The allegory of ‘older person makes bad choice for the sake of appearing young again’ doesn’t work with two separate people. If Elisabeth and Sue were always two separate people—and Elisabeth never got the benefit of living as a younger version of herself, but instead only lay unconscious as that younger version had her own separate-person adventures—then there’s no metaphor of a ‘split personality.’

[[[[[Apologies if we are still supposed to be masking references to the plot.]]]]]

Again, it is a absurdist parable, not a story that makes literal sense. To be very clear I did not like the movie, and it is also a mishmash of parable ideas that’s just messy and stretched out way too long to allow the viewer to feel the complicity of ogling the bodies involved.

But for that part of it, at no point was Marilyn Monroe claiming to be Norma Jeane Mortenson …

But this is not literally the Monroe story. Or about any single story. It is about the need for that adulation. Yes about desperation as adulation of body fades with aging. Yes about that sacrifice of your original self and denial of it being you, self contempt. Yes even about how it falls apart. I easily read the final bit as a story as the whole self collapsing from that split and self hate with self destruction and then trying to rebrand trying to show the world your tortured now very damaged whole hoping to still get love, desperate for the adulation, but of course rejected, as we the public have done to many …

I don’t think it works great, but not because the plot doesn’t make sense. Maybe thinking of the split as Jeckyl and Hyde would help? The Substance making “parts theory” (a psychological construct) not just an abstract conceptualization but a physical reality?

Hmn, worth exploring.

Has the filmmaker/writer (Fargeat) stated definitively that Elizabeth’s consciousness never lived in Sue’s body (as you assert)? Because even though people interpret movies as they wish, even in defiance of the auteur’s intentions, those intentions do matter.

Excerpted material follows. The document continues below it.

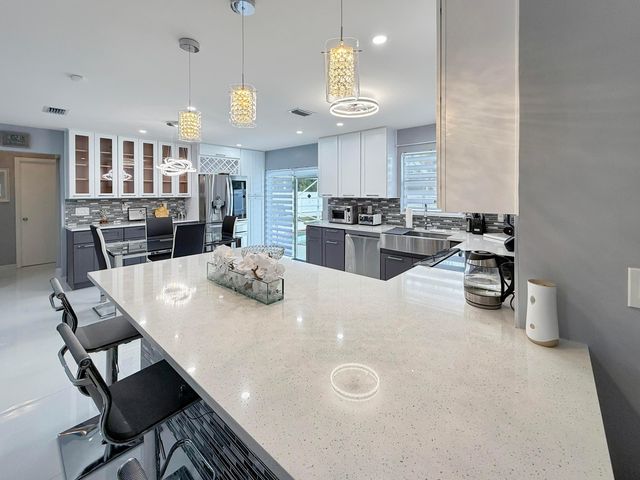 110 Bobwhite Road, Royal Palm Beach, FL 33411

Searching found this interviewer with her:

Coralie Fargeat: Yeah, I think in both the script and the story in itself it was really the the idea to show the many different voices that we have that are talking to ourselves. One day it’s gonna fall on the couch and just eat in front of the TV, having no control at all. And the day after the other voice is gonna hate yourself for doing it and that’s exactly what happens with Elisabeth and Sue. Sue is the voice that you know hates the fact that Elisabeth didn’t manage to control herself and I think that those voices inside of us are so strong, they are so powerful, and they are really kind of bipolar. In a way that you can feel that it’s almost 2 different people that live inside you, and can totally change the way you feel with yourself.

You can feel good, and you can feel extremely bad. And showing that for real in another [physical] being, as the other voice, I thought was the most powerful way to kind of represent this battle. This kind of super violent conflict that we have within us, and whether it is towards the food, or towards judging herself for not being perfect. The fact that at the end Sue wants to kill Elisabeth because she hates what she represents and the external violence of it was really a way to kind of externalize for real all of this internal violence that we have within us regarding regarding those issues.

So yeah apparently the intent was to make literal the “it’s almost 2 different people that live inside you” …

Thanks for posting that.

I’d say that Fargeat here joins the club of directors who are deliberately ambiguous in talking about their films (Nolan about Inception; Aster about Hereditary, etc.)